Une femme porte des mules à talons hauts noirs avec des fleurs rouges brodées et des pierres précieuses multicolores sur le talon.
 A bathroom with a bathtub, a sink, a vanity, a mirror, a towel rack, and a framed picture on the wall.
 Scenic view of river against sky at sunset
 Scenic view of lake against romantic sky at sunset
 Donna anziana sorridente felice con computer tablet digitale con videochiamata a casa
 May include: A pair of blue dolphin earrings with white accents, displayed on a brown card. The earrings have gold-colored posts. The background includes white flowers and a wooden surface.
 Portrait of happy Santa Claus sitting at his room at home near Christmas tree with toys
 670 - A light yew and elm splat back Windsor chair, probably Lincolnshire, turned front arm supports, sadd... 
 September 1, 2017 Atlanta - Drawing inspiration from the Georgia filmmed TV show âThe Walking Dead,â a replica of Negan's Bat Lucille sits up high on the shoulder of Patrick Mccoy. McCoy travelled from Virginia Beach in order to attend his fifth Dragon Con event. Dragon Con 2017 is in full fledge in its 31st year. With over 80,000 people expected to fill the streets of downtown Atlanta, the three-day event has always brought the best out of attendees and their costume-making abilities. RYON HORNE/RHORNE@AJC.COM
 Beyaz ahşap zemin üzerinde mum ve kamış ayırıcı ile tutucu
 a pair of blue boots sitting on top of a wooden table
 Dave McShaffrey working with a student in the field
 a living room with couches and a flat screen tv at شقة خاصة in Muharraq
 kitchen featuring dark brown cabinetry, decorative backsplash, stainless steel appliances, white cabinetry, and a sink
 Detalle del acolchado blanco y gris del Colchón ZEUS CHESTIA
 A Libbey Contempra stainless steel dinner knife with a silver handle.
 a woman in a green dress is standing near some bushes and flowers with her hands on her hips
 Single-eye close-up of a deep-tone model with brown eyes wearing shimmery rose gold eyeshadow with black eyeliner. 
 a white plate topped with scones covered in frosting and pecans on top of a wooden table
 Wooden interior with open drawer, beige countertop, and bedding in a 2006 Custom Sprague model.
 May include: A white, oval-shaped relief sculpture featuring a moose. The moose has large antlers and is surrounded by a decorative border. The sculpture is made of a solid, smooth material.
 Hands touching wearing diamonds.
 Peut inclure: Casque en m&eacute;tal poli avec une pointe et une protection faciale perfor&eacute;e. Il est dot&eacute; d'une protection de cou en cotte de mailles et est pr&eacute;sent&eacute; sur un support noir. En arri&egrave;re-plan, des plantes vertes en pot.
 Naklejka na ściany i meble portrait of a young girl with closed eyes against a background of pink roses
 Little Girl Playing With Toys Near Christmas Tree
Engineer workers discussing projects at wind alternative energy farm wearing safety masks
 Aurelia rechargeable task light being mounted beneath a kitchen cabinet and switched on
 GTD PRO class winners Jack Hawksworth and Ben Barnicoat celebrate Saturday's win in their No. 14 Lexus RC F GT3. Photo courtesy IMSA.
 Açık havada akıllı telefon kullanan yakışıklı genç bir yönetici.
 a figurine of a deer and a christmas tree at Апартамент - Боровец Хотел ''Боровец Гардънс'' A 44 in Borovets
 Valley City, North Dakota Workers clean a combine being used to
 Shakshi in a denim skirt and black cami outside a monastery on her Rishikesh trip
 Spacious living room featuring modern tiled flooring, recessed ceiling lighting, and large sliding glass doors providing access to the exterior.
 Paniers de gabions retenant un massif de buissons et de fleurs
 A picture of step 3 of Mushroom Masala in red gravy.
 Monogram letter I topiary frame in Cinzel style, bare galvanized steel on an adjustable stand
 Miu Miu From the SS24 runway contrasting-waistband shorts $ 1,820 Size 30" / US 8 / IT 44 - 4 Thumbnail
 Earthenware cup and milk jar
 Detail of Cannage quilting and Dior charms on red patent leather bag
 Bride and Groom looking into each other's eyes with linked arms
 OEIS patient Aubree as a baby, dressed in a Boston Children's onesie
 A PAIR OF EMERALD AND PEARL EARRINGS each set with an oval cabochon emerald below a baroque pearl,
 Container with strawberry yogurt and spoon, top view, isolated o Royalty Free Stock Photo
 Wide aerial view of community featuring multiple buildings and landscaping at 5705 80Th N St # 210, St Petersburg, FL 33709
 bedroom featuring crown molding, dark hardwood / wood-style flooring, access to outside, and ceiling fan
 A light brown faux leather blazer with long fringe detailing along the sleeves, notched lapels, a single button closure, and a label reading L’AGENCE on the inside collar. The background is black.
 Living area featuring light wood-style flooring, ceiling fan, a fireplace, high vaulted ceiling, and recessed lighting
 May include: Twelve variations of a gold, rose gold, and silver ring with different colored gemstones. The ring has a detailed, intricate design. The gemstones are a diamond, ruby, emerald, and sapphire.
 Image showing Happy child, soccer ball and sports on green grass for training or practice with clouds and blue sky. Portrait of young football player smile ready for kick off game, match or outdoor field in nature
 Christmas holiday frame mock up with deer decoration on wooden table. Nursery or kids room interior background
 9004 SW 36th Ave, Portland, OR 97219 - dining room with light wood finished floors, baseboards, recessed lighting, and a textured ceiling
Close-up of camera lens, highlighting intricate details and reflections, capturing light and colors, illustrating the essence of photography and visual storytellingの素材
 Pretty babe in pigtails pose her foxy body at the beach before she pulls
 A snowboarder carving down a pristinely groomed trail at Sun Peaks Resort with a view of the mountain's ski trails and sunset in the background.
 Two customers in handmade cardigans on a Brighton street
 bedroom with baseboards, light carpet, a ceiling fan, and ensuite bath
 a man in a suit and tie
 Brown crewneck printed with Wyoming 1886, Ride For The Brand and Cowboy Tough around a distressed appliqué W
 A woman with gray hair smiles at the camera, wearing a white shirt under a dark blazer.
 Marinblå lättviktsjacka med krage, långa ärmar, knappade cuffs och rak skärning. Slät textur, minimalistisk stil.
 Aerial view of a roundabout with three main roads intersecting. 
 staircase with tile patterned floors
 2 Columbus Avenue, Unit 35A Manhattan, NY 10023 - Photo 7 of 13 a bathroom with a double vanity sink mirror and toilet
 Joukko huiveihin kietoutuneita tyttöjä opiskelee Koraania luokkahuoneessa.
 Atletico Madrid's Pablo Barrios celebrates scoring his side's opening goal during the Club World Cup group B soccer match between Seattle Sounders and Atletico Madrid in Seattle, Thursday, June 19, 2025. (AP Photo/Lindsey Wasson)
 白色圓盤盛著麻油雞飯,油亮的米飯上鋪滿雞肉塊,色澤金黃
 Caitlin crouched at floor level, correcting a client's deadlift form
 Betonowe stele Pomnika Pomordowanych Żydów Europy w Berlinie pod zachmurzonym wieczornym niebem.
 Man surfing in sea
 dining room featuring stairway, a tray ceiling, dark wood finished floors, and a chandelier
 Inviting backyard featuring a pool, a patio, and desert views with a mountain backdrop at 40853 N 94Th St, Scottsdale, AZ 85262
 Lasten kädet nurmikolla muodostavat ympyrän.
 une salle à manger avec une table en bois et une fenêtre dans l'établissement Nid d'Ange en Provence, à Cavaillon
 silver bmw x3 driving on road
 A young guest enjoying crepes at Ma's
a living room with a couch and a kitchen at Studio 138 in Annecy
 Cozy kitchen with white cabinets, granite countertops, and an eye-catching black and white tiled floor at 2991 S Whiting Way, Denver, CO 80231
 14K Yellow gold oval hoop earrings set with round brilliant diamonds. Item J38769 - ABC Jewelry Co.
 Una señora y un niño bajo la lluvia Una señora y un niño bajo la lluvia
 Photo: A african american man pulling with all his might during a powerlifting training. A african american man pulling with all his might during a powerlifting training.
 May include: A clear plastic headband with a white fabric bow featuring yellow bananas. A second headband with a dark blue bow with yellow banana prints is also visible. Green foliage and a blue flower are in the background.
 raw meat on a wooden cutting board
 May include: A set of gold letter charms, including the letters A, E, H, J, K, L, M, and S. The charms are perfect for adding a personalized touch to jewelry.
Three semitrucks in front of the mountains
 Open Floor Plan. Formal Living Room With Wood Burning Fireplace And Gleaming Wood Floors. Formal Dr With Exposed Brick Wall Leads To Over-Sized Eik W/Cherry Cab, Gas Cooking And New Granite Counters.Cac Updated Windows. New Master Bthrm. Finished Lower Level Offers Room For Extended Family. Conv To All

# WHAT IS REQUIRED:
Each line containing the word "silver" must be pulled from the listing and copied.

# RESULT FOR THIS EXERCISE:
 A Libbey Contempra stainless steel dinner knife with a silver handle.
 May include: Twelve variations of a gold, rose gold, and silver ring with different colored gemstones. The ring has a detailed, intricate design. The gemstones are a diamond, ruby, emerald, and sapphire.
 silver bmw x3 driving on road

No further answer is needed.